◆ Task item ◆
Repeat each entry exactly; omit all pictures.

◆ Working data ◆

━━━━━━━━━━

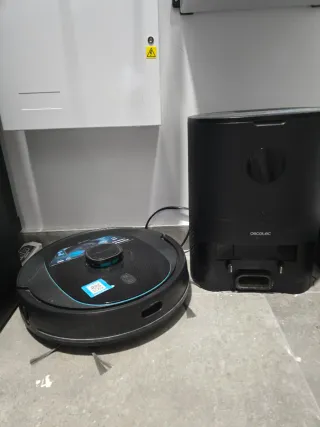 Robot aspirador Conga con base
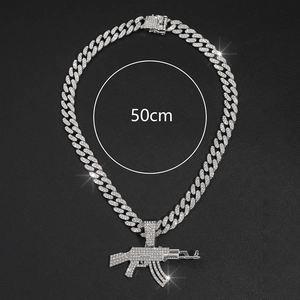 Détail du pendentif fusil AK-47 serti de diamants avec chaîne cubaine de 50 cm
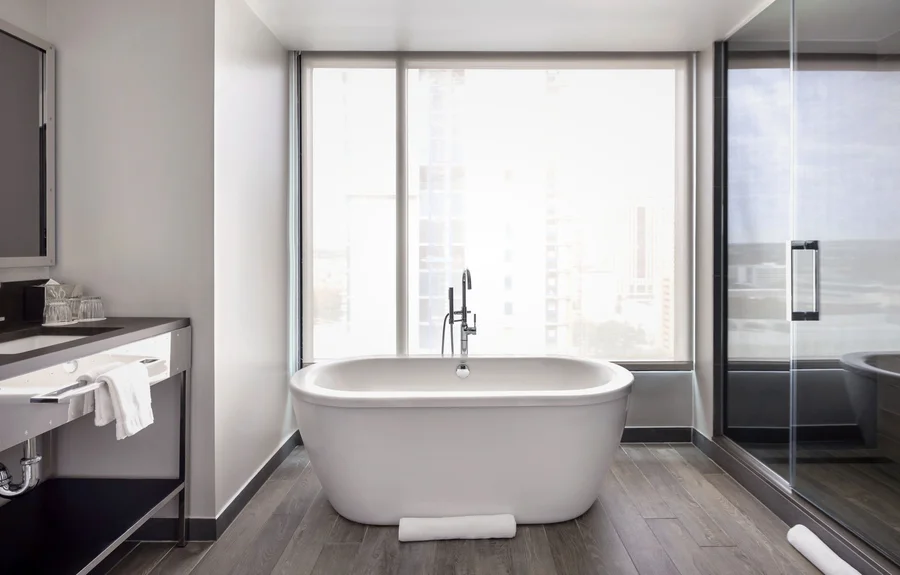 Hotel Van Zandt - Featured hot tub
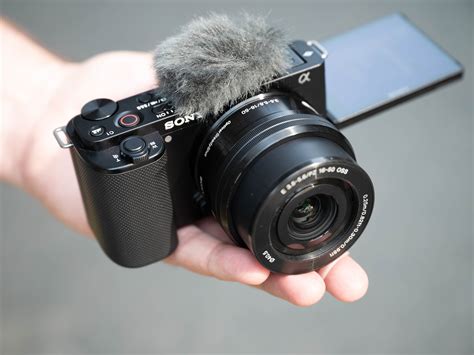 Hands On With The Sony Zv E10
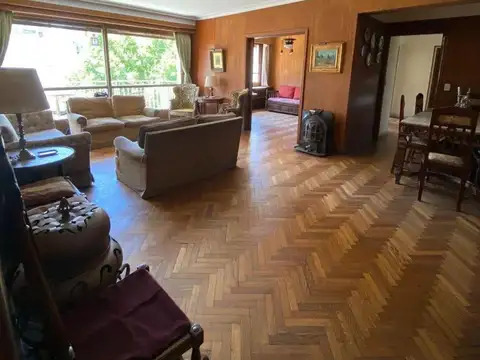 Echeverría al 2200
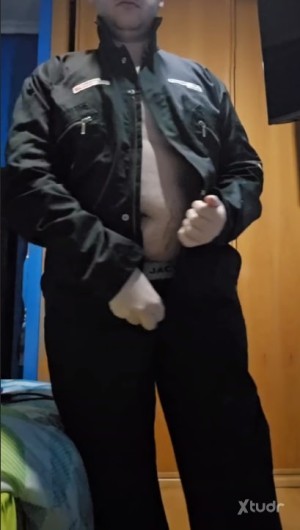 Xtudr - grar.oun: BDSM, work gear, SM roleplay, kidnapping, soccer gear, inmate.
Here to meet people and hook up, I'm a bottom but I can try...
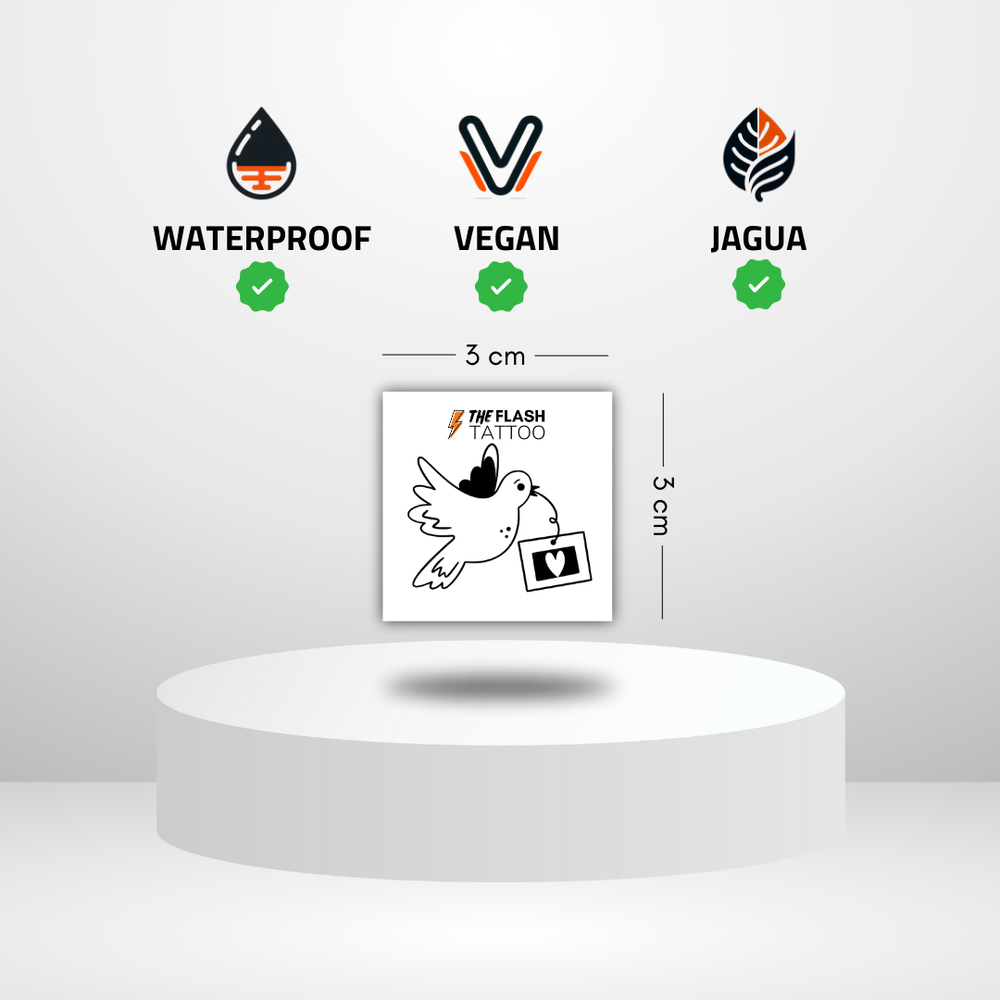 Petit tatouage colombe symbole d'amour et de paix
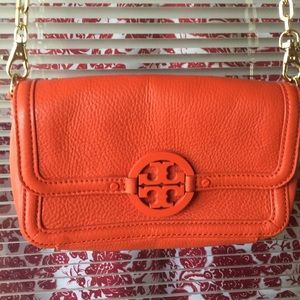 Orange Tory burch cross body with gold chain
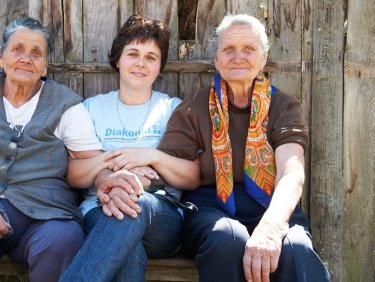 Spenden Sie für die Betreuung alter Menschen in Osteuropa - für nur 1. Franken pro Tag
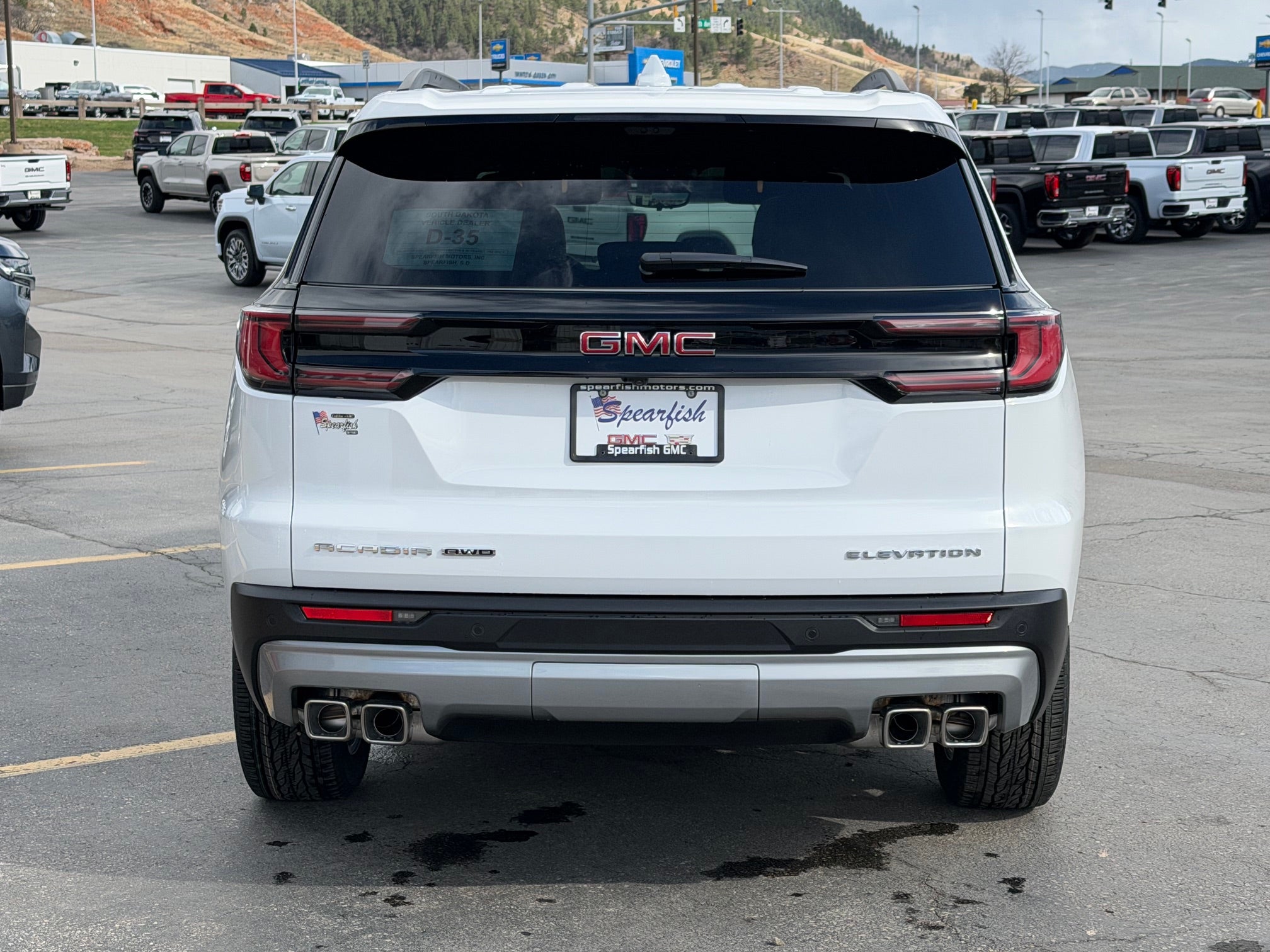 2026 GMC Acadia Elevation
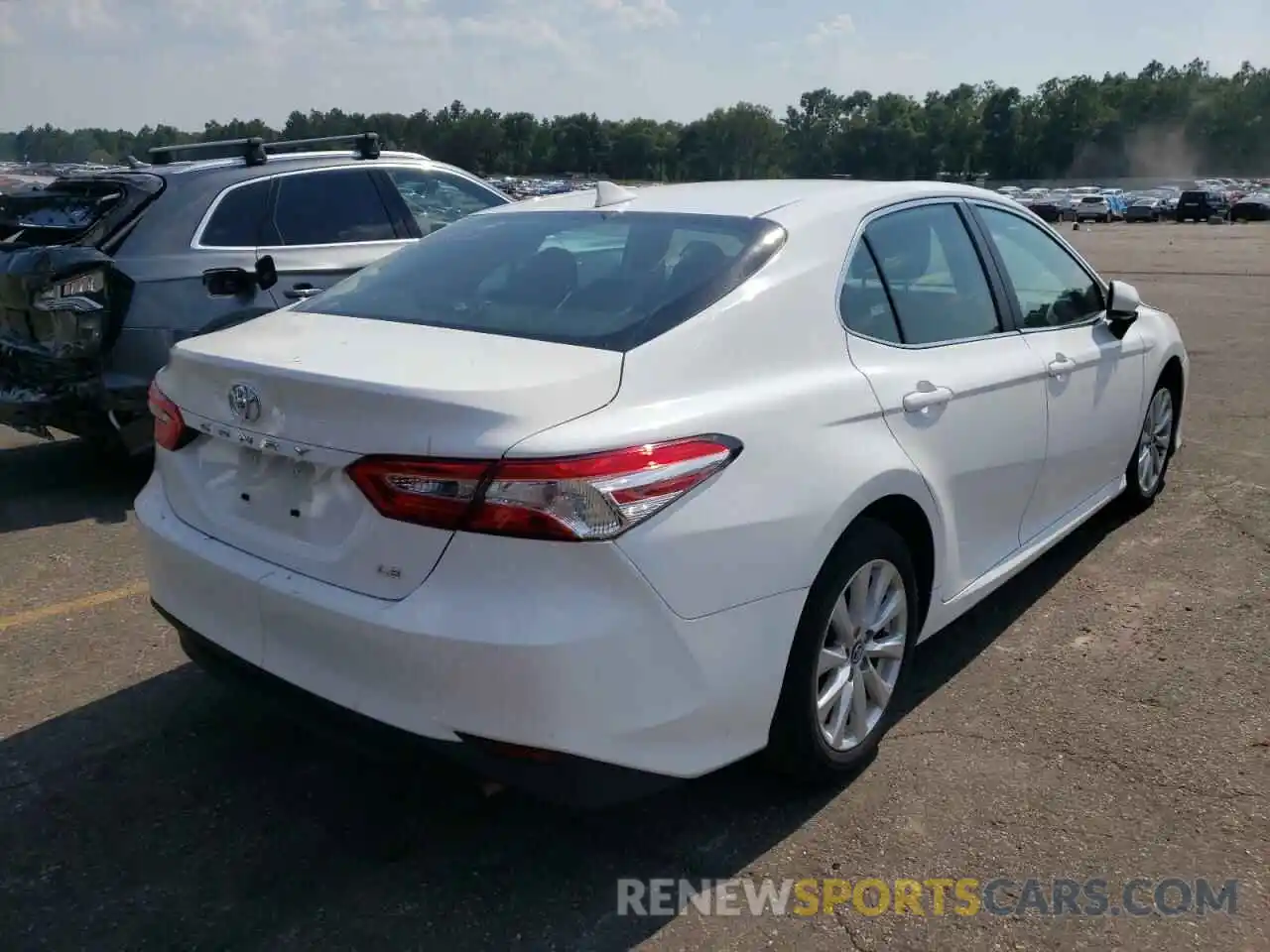 4 Photograph of a damaged car 4T1C11AKXLU931145 TOYOTA CAMRY 2020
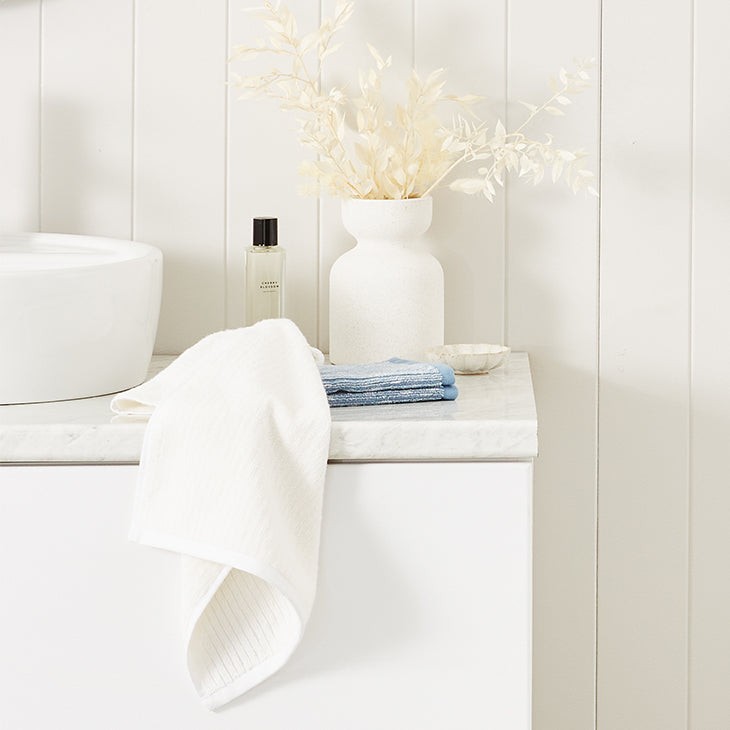 Cotton Textured Rib Hand Towel - White / Tofu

━━━━━━━━━━

◆ Response to the exercise ◆
 Robot aspirador Conga con base
 Détail du pendentif fusil AK-47 serti de diamants avec chaîne cubaine de 50 cm
 Hotel Van Zandt - Featured hot tub
 Hands On With The Sony Zv E10
 Echeverría al 2200
 Xtudr - grar.oun: BDSM, work gear, SM roleplay, kidnapping, soccer gear, inmate.
Here to meet people and hook up, I'm a bottom but I can try...
 Petit tatouage colombe symbole d'amour et de paix
 Orange Tory burch cross body with gold chain
 Spenden Sie für die Betreuung alter Menschen in Osteuropa - für nur 1. Franken pro Tag
 2026 GMC Acadia Elevation
 4 Photograph of a damaged car 4T1C11AKXLU931145 TOYOTA CAMRY 2020
 Cotton Textured Rib Hand Towel - White / Tofu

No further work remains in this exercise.